Tag: nagios

Black Rock City Wifi Summit 2015

The Black Rock City Wifi Summit 2015 took place yesterday. It was an interesting discussion with a collection of people from inside the Burning Man organization and artists / community who want to provide wifi to their art installation and camps. It was held at the Internet Archive which is a very interesting idea / place.

Tidbits

There are some bits of information that I learned or re-learned while at the summit.

BRC internet basically uses all the available bandwidth coming into Gerlach, around 40Mb/s, to support all the services for a temporary city of 70,000 people.

In 2014, the bandwidth was maxed out on Thursday before the event started.

Internet access is becoming / has become critical for the support of Burning Man. Without it, the event might not be able to take place.

Ubiquiti AirMax protocol deals well with the hidden node problem.

It’s important that the uplink antenna be stable and pointed at the center camp. Movement or misalignment of the antenna causes problems for everyone in that sector by reducing the available bandwidth.

The uplink antenna needs line of sight to the center camp tower.

If you need to use tape to seal anything, use aluminized hvac tape instead of duct tape. The glue on duct tape deteriorates rapidly in the heat and dust of the playa. The aluminized tape will last much longer.

During the weeks before and the event, download is maxed out. The week after, it’s the upload bandwidth that’s maxed out.

At 4:00 and A there’s usually a phone booth that uses VOIP to allow calls to the outside world. Calls are limited to 3 minutes. Because of bandwidth usage, the other side will be able to hear you while you might not be able to hear them. That makes for interesting conversations when you’re stoned.

Don’t use 5Ghz band for access points or other projects. It’s used for the uplinks and putting up local access points (or anything else) in the 5Ghz band will just interfere with the uplinks.

There’s lots of local, on playa bandwidth available. If there’s lots of data that you

Mount the local access points 6 or 7 feet in the air, no higher. This will help reduce interference and the hidden node problem on the local wifi connections.
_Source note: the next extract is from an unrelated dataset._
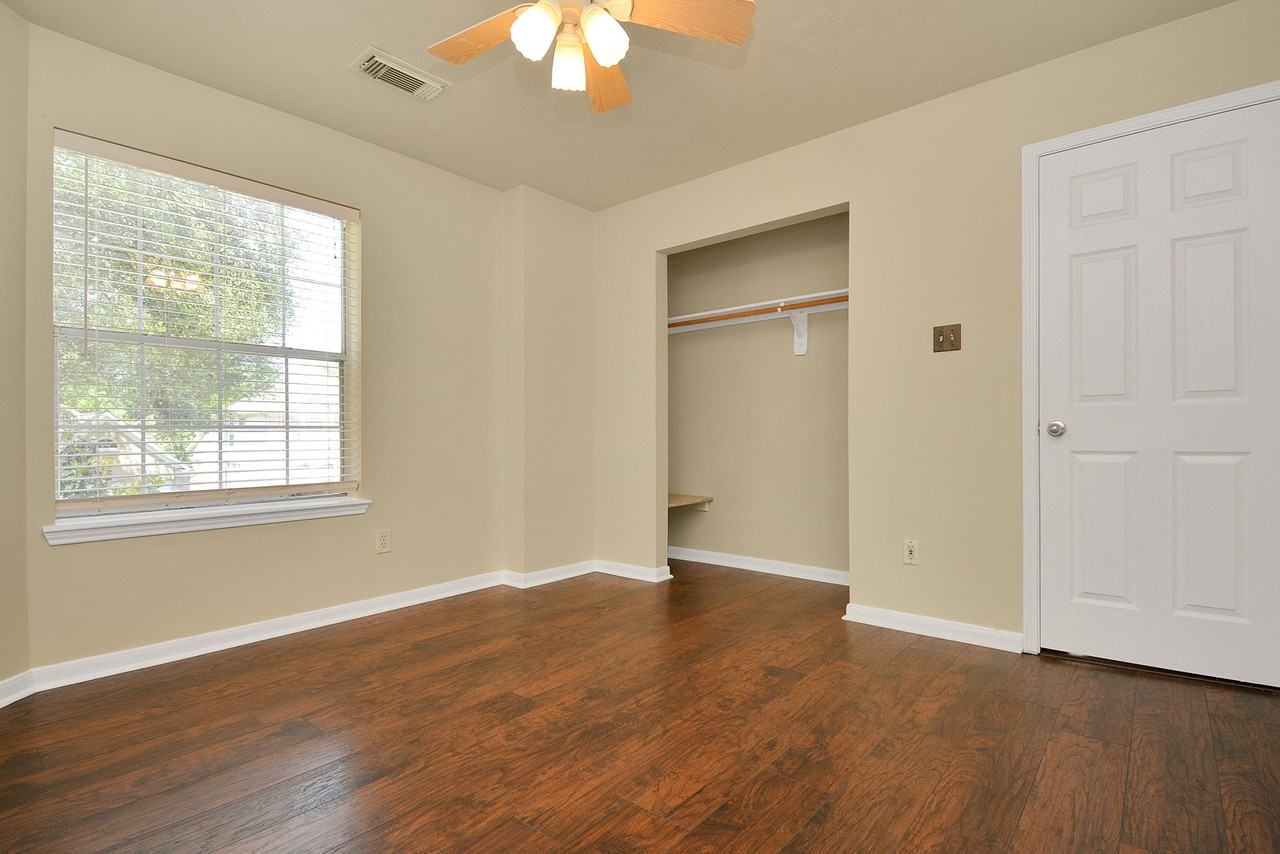 4123 Valedon Ln - Photo 5 of 20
If there’s any data you want to make available, consider setting up a server on the playa. If you do, let the folks on the BRC wifi mailing lists know about it. They may be able to help let people know about the server by including it on the captive portal page, setting up a dedicated IP address and / or a DNS entry.

Protect the access point and uplink power sources from water and dust. A simple way to do this is to put them in a tupperware type container. Cut a notch near the edge to allow any wires into the container and seal it closed.

There are no guarantees. The bandwidth available is completely subjective to the current needs and wifi in camps and art installations is at the bottom of the priority list.

Lastly and perhaps most importantly, the folks running the BRC network are at Burning Man to enjoy themselves. Leave them alone and talk with other camps and installations about any issues that you may be experiencing.

Setup On The Playa

There are two main components needed to setup wifi on the playa – an uplink radio and an access point. The uplink radio runs in the 5Ghz band and the access point in the 2.4Ghz band. The recommended uplink radio is the NanoBeam from Ubiquiti. A NanoBridge will work if you have a spare one laying about. The recommended access point is a Ubiquiti Unifi AP.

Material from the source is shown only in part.